§ Task details:
Copy exactly the lines of the material below that fall between the line with "image for Sid" and the line with "May include: Two", both of those lines included; pictures stay out.

►

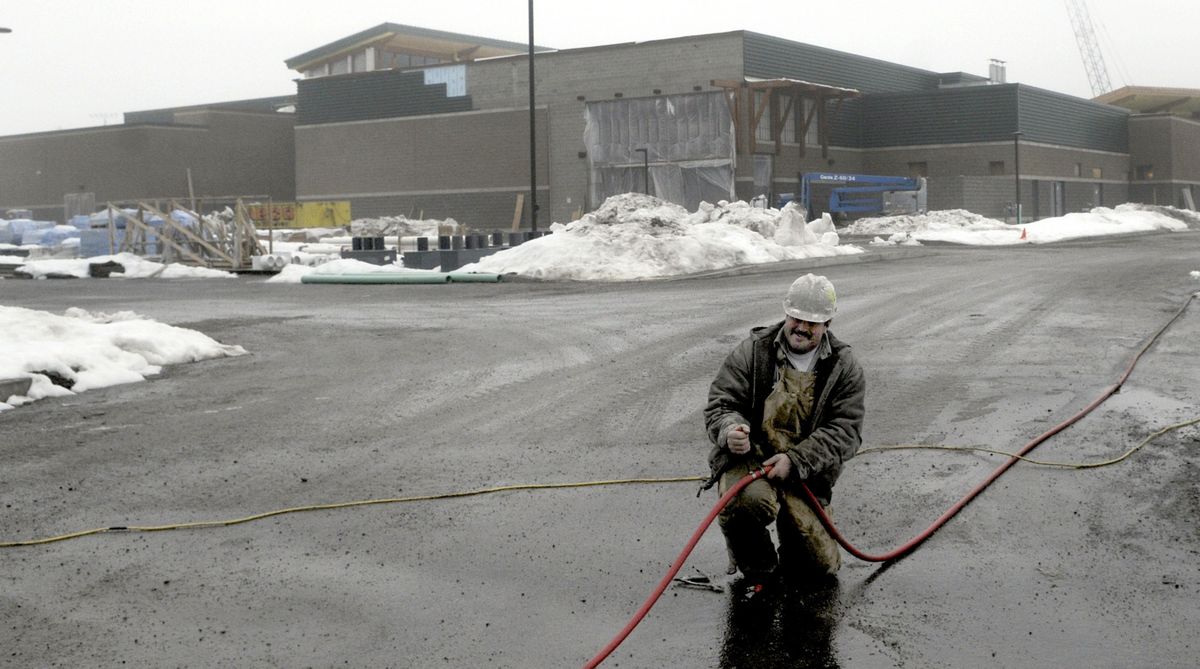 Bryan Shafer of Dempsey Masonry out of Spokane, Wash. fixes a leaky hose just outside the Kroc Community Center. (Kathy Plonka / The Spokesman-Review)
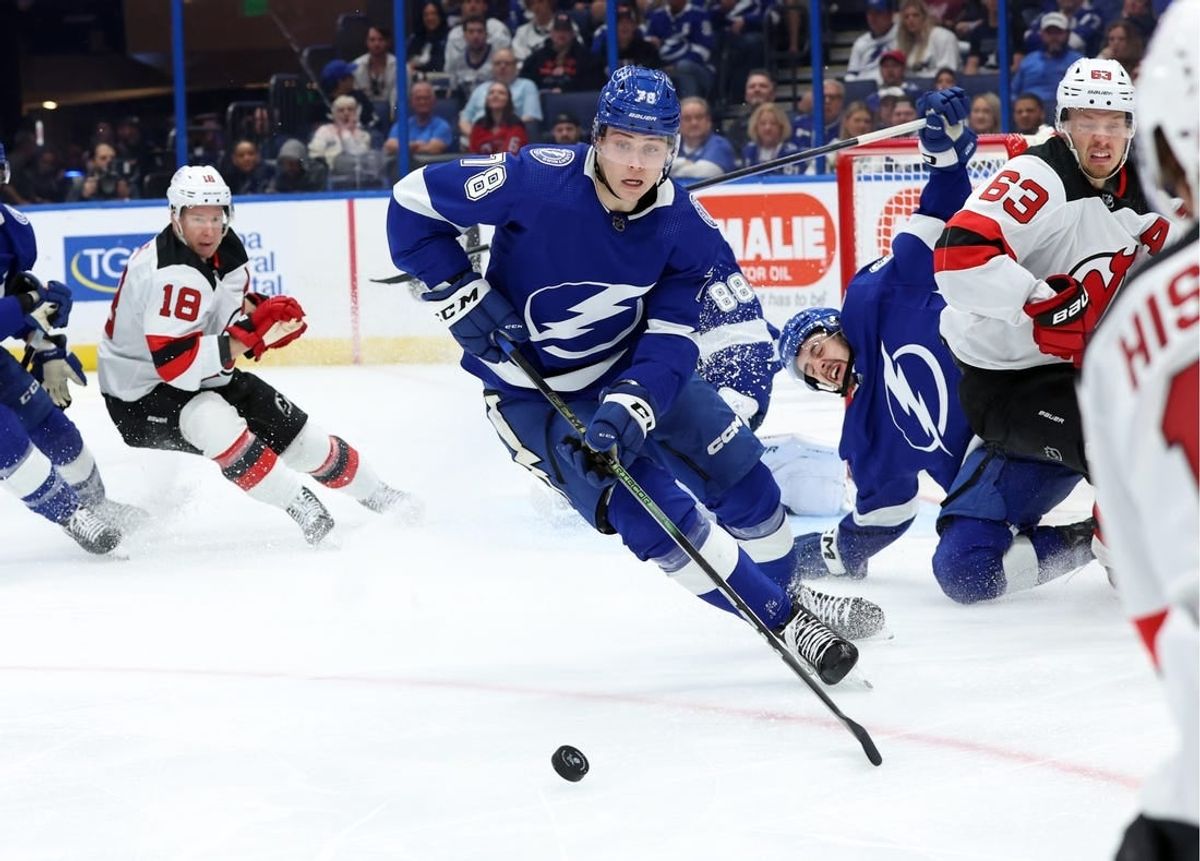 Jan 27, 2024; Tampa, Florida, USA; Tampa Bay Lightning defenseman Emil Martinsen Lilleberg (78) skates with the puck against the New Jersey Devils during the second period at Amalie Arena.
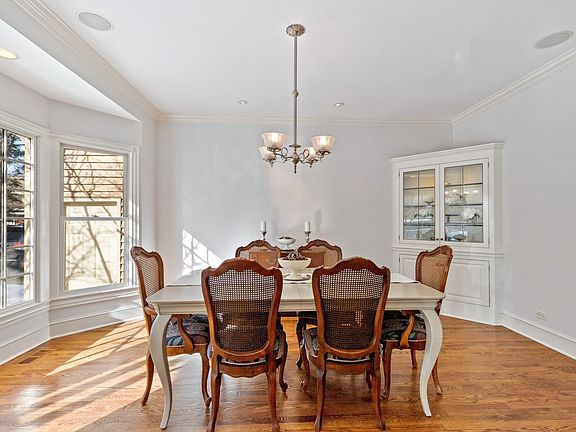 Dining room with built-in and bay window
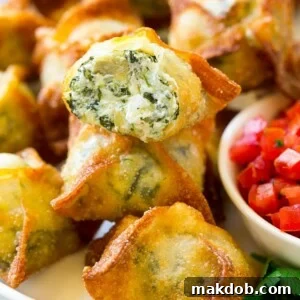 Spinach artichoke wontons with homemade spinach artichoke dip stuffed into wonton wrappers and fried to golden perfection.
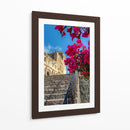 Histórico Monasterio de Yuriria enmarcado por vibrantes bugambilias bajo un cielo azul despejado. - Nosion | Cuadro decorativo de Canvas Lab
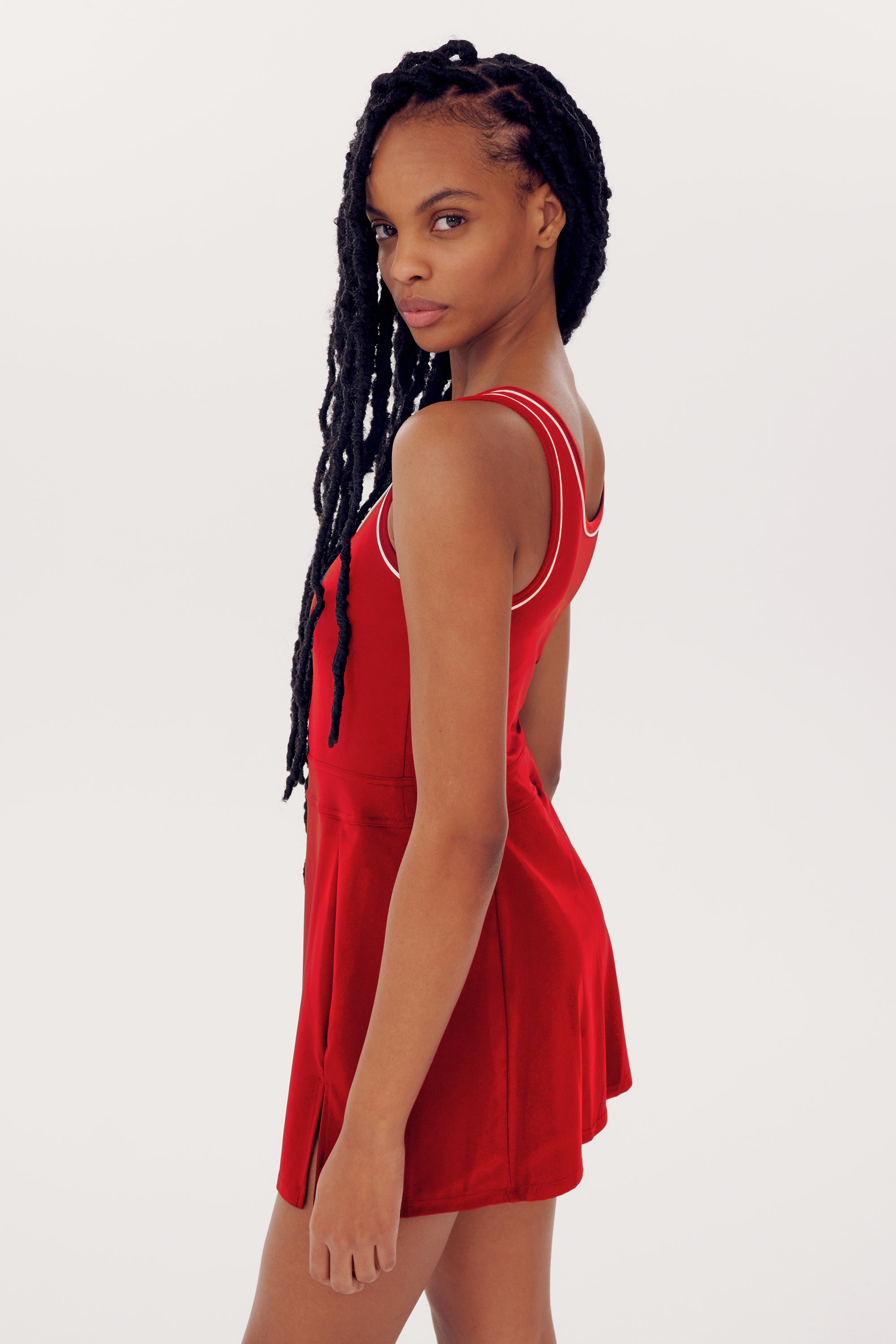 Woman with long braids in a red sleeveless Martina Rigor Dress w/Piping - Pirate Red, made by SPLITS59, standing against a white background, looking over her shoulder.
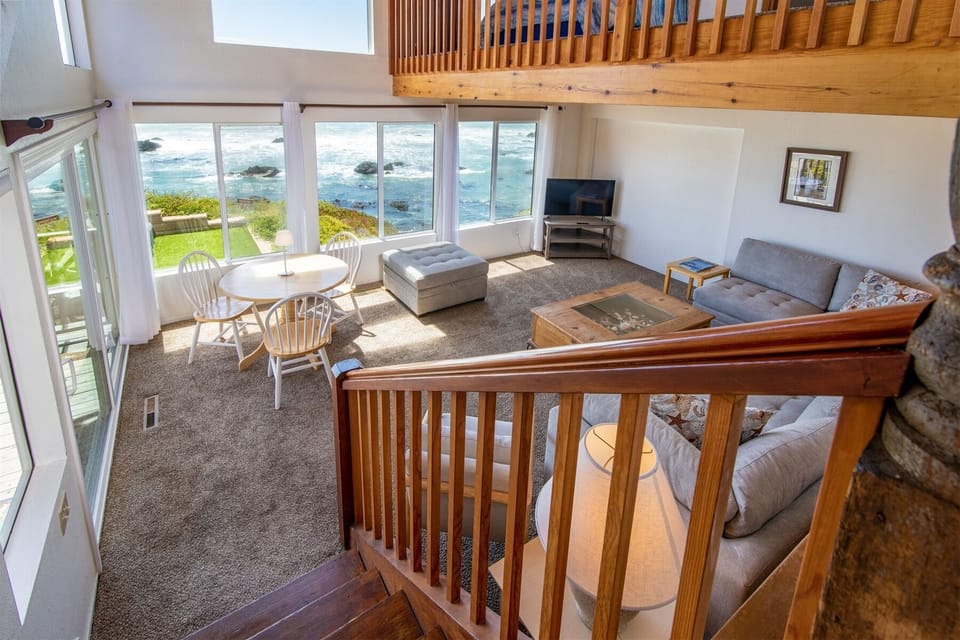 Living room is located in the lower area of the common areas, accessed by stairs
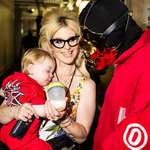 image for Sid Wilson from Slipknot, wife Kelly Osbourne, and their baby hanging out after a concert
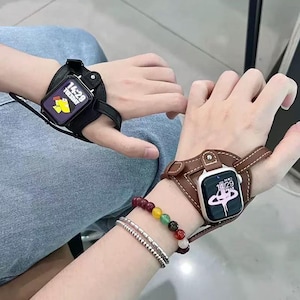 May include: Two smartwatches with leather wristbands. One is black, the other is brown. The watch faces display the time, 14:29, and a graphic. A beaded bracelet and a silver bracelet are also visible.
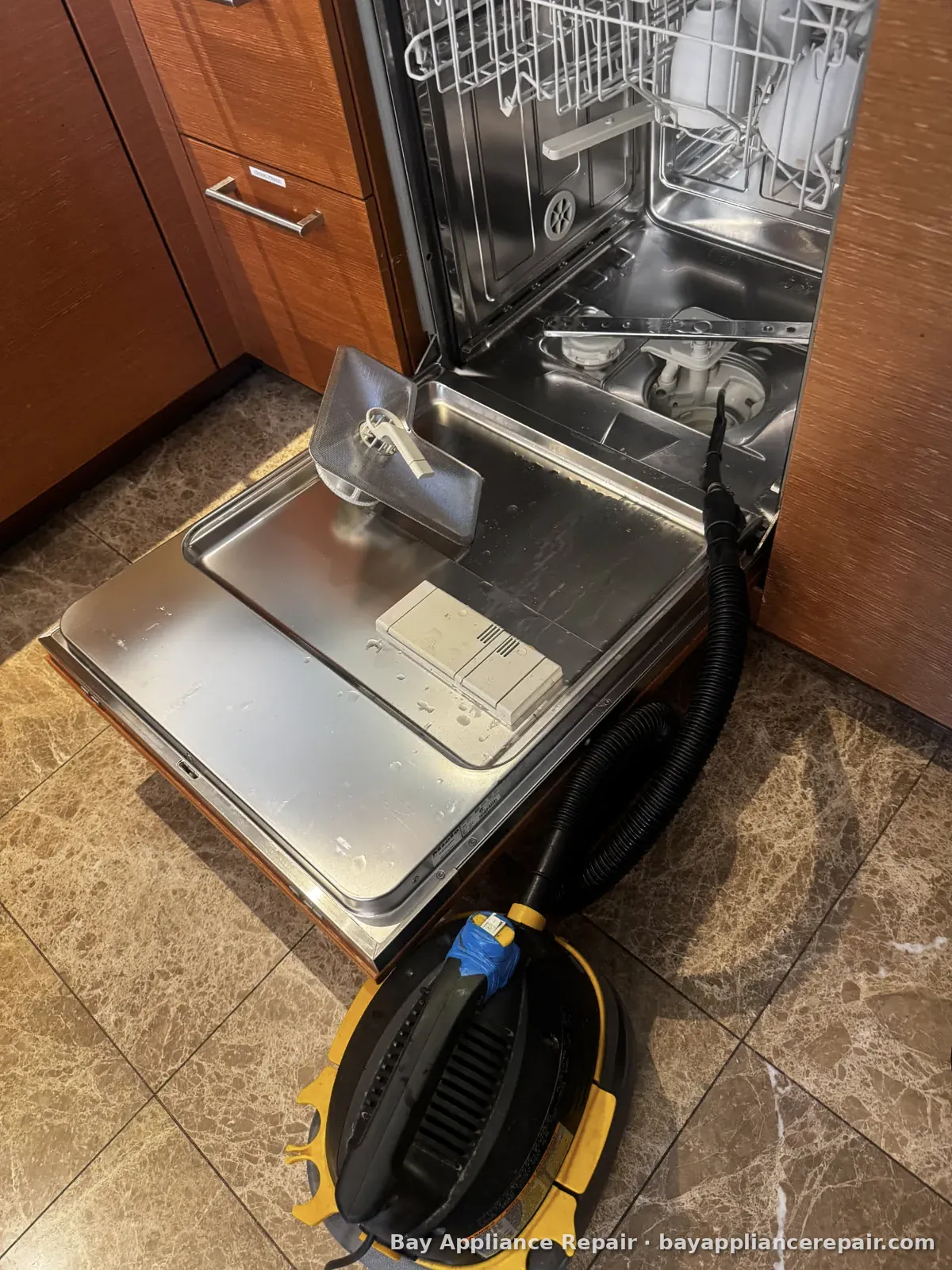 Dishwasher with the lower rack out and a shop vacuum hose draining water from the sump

◄

§ Reply:
 image for Sid Wilson from Slipknot, wife Kelly Osbourne, and their baby hanging out after a concert
 May include: Two smartwatches with leather wristbands. One is black, the other is brown. The watch faces display the time, 14:29, and a graphic. A beaded bracelet and a silver bracelet are also visible.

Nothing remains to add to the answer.